Outre une augmentation des capacités de transformation, la production de pommes de terre en France est également en croissance. Maintenant que les prix des céréales sont revenus à des niveaux normaux et que les betteraves sucrières sont moins attractives, les agriculteurs se tournent en masse vers les pommes de terre, une culture lucrative. L'année dernière, la culture de la pomme de terre a atteint un record de 178.000 16 hectares, soit une augmentation de 7,6 % par rapport à l'année précédente. Cela a donné lieu à une récolte de 17 millions de tonnes, soit XNUMX % de plus que la moyenne quinquennale. Si la tendance actuelle se poursuit, les champs du nord de la France récolteront encore plus cette saison.
Les transformateurs investissent avec une vision à long terme. À court terme, la situation est toutefois différente. Les prix sont sous pression, tant pour les agriculteurs que pour les transformateurs. En raison d’une baisse de la demande de frites, les transformateurs doivent rechercher de nouveaux marchés de vente et se battre pour attirer les clients. L’augmentation considérable de la production se retourne désormais contre le secteur, ce qui entraîne un déséquilibre entre la production et la demande.

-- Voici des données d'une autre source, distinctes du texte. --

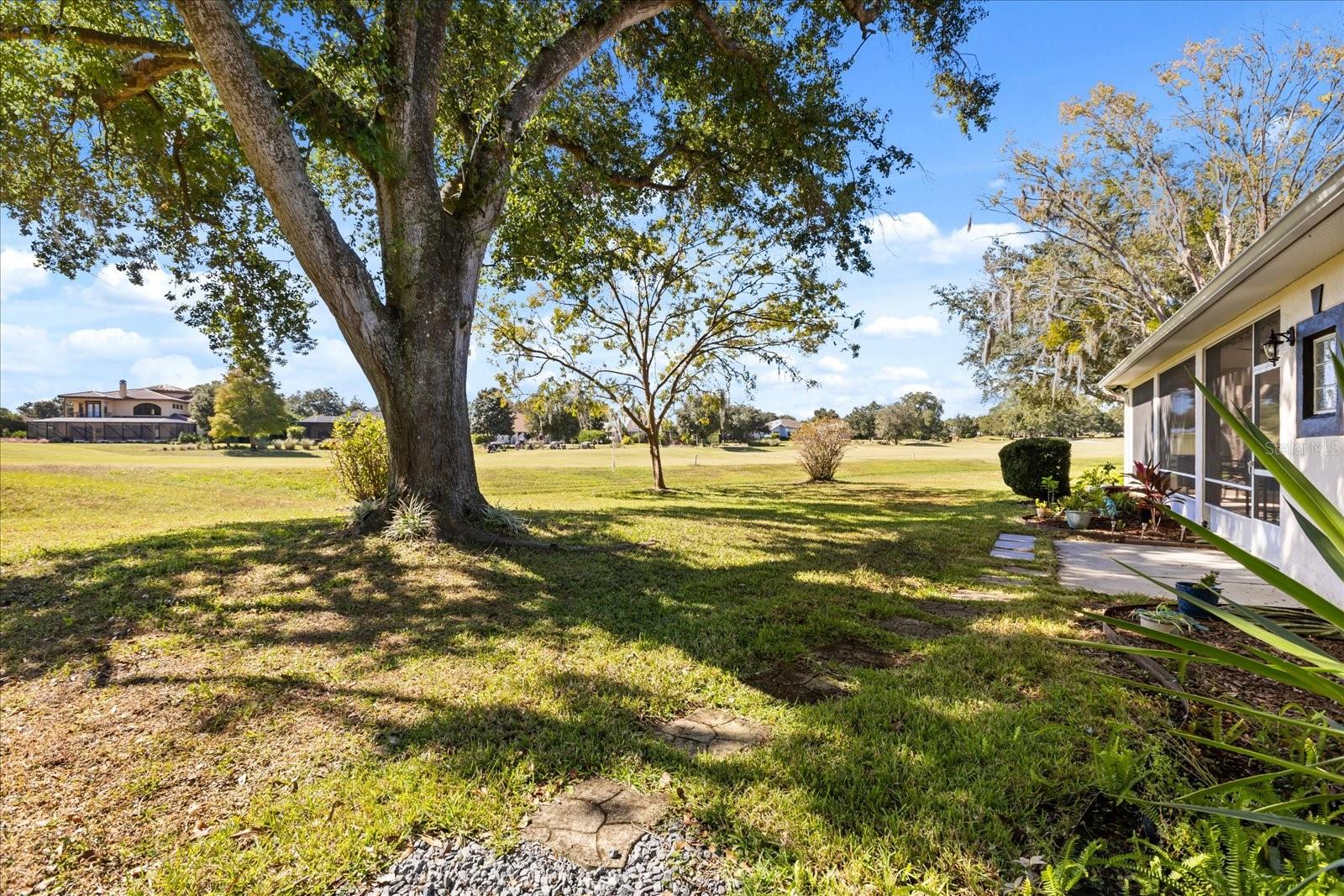 Image 35 of 52 For 5435 Grove Manor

La filière pomme de terre française est au carrefour de la tradition et de la transformation, où une filière traditionnelle rencontre une grande ambition industrielle. Si les premiers résultats sont une indication, le pays du vin et de la haute cuisine pourrait bientôt être en mesure d’ajouter une nouvelle icône culinaire à son répertoire : croustillante, dorée et glacée.